ABOUT THIS TASK - Begin at the line containing "Jordan 4 Retro Pine Green - 7" and retype each line through the end of the records exactly. Include nothing else and no pictures.

EXERCISE DATA -
● ● ● ●

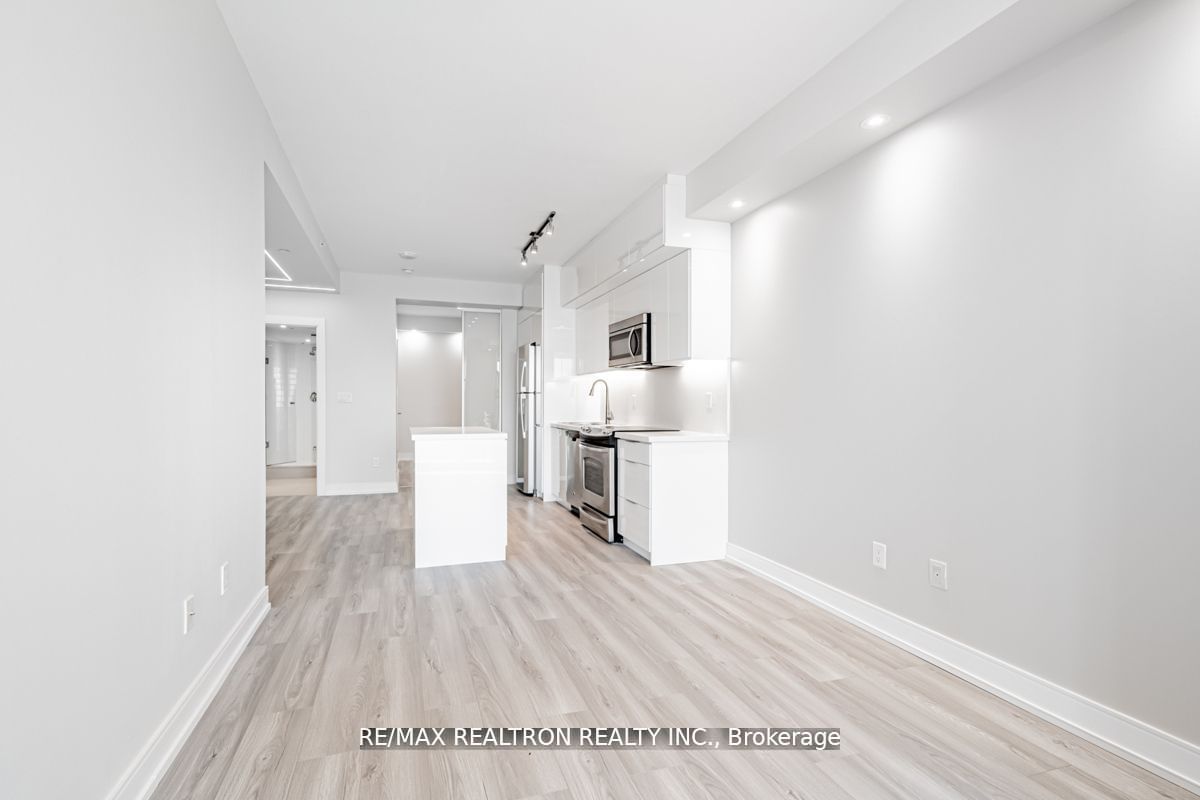 386 Yonge St, unit 4909 for rent - image #12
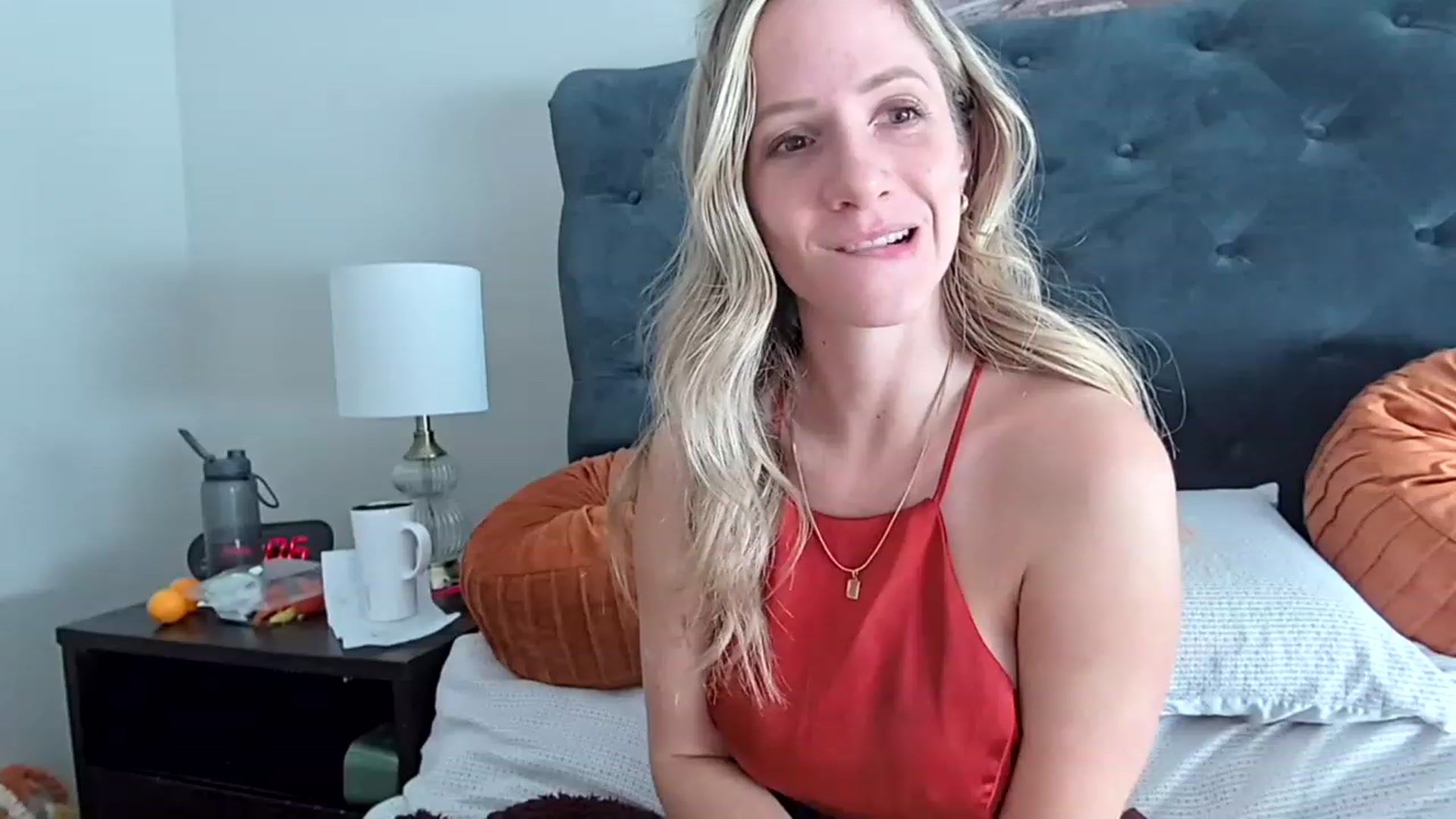 Gallery image thumbnail from Lucylux1's myfreecams stream on, 11/28/2022, 18:40 image 5 of 20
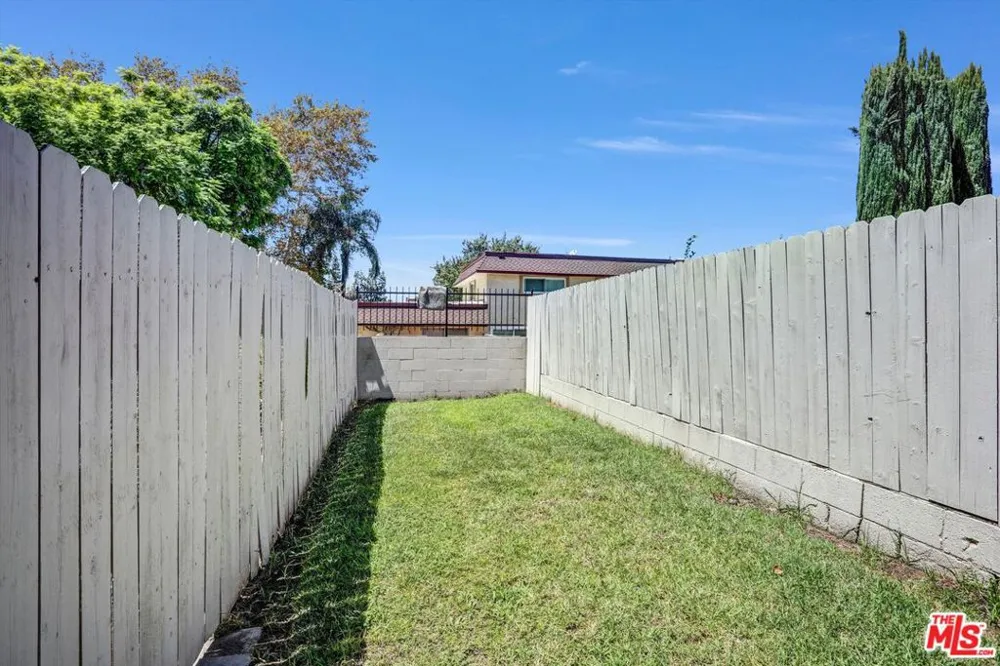 1179 Sunflower Avenue Covina, CA 91724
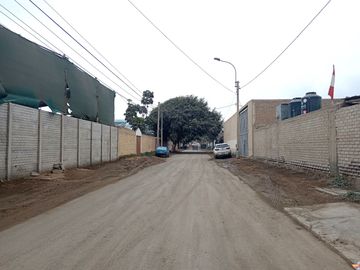 TERRENO DE 1,400 M2. EN LURIN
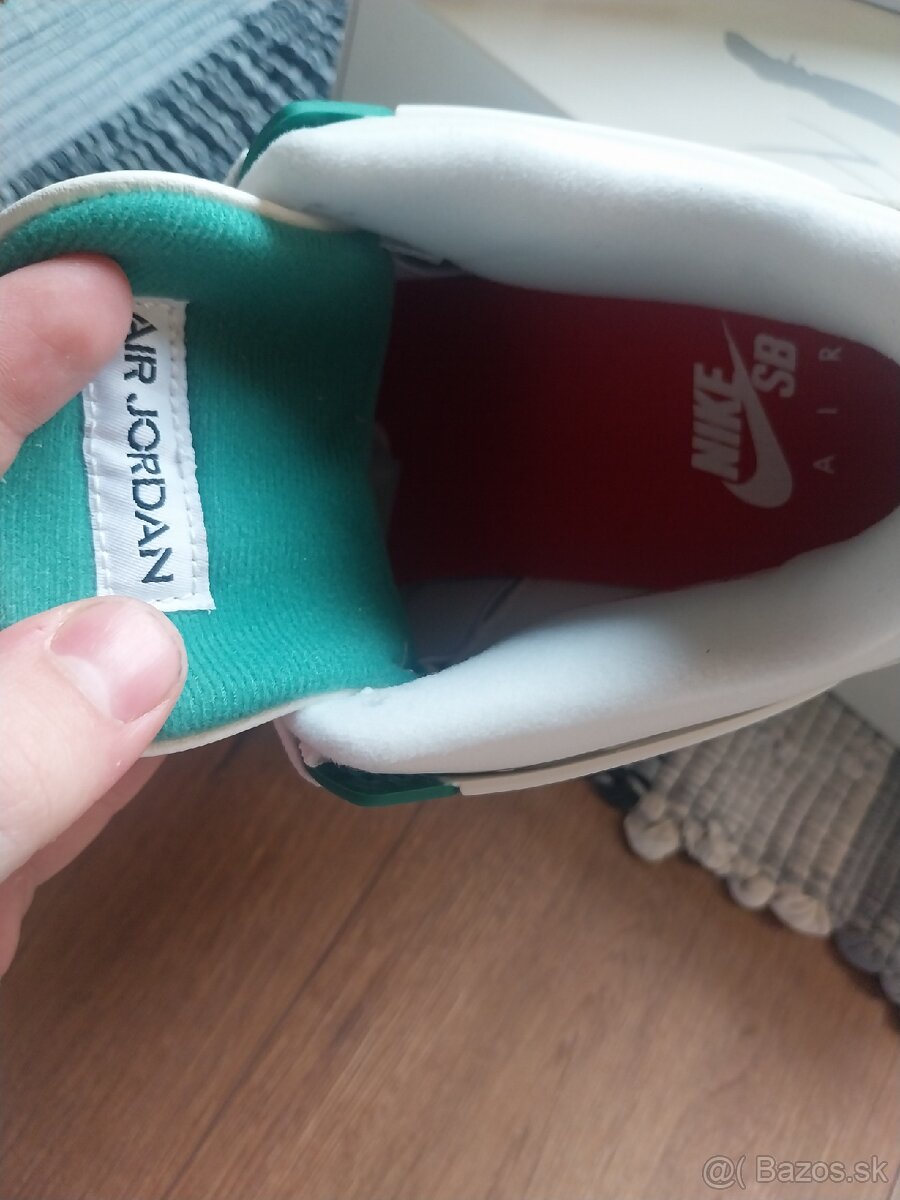 Jordan 4 Retro Pine Green - 7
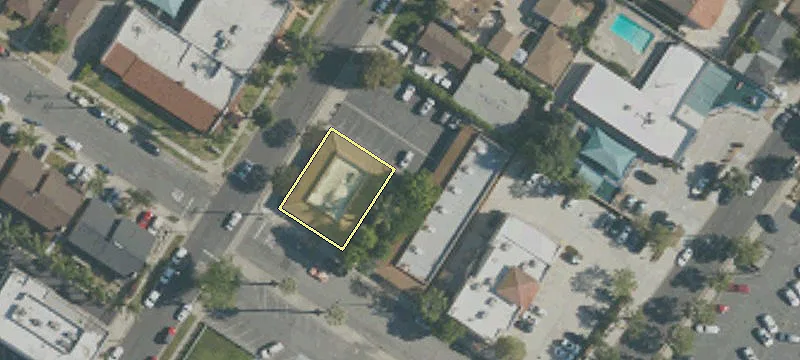 8201 4th St
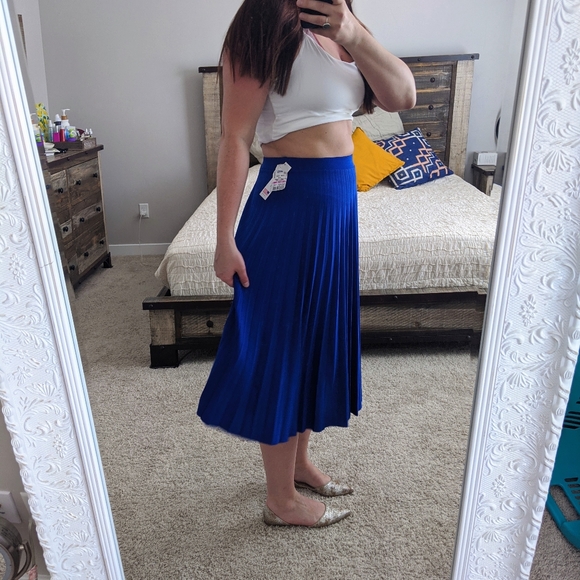 🔴FINAL SALE🔴🌿PLEATED SKIRT🌿 - Picture 10 of 12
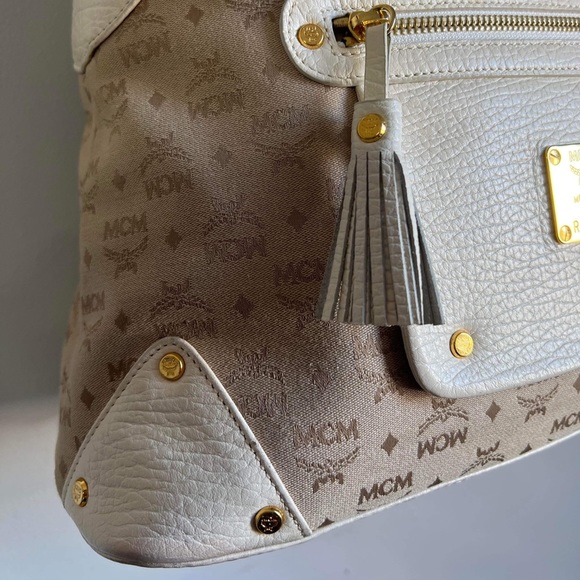 AUTHENTIC VINTAGE MCM CANVAS LEATHER SHOULDER BAG - Picture 4 of 16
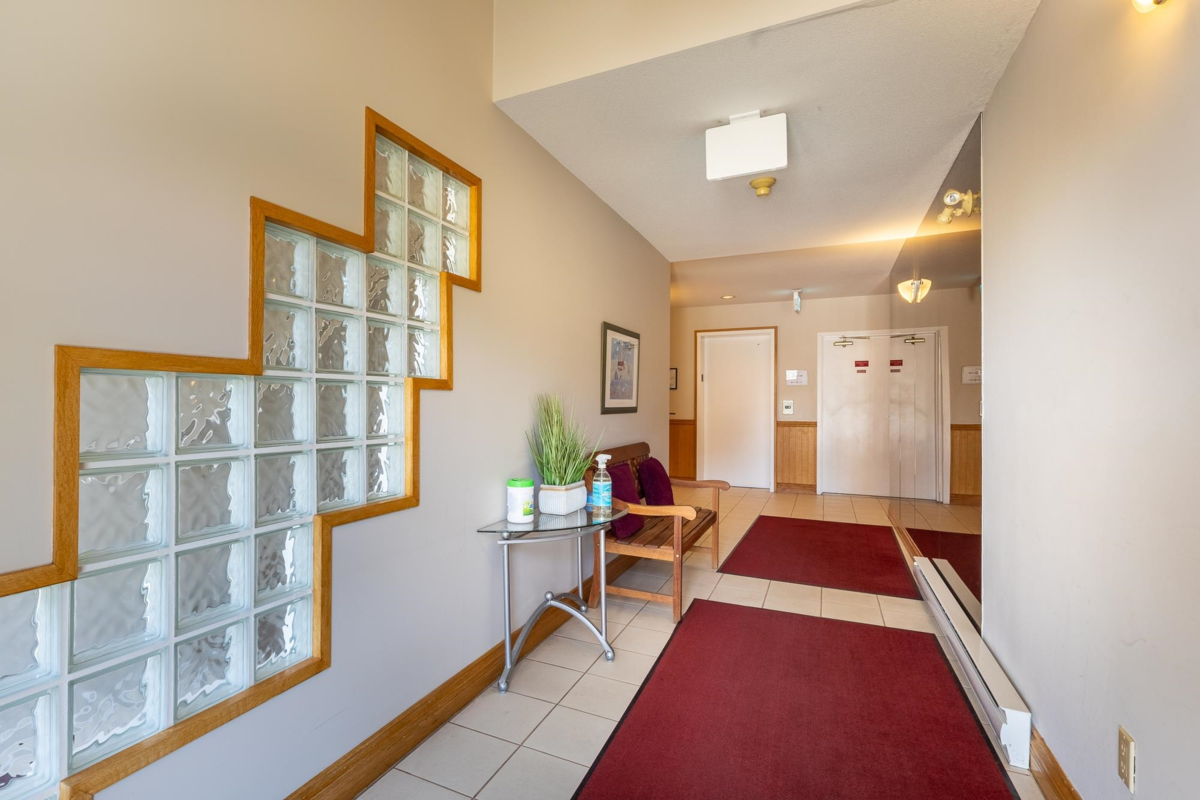 Outdoor Kitchen Photo of 106 5768 Marine Way, Sechelt, BC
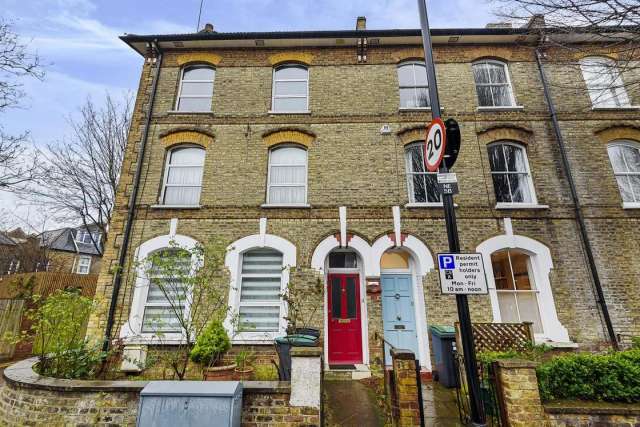 House Under Offer in London, England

● ● ● ●

REPLY -
 Jordan 4 Retro Pine Green - 7
 8201 4th St
 🔴FINAL SALE🔴🌿PLEATED SKIRT🌿 - Picture 10 of 12
 AUTHENTIC VINTAGE MCM CANVAS LEATHER SHOULDER BAG - Picture 4 of 16
 Outdoor Kitchen Photo of 106 5768 Marine Way, Sechelt, BC
 House Under Offer in London, England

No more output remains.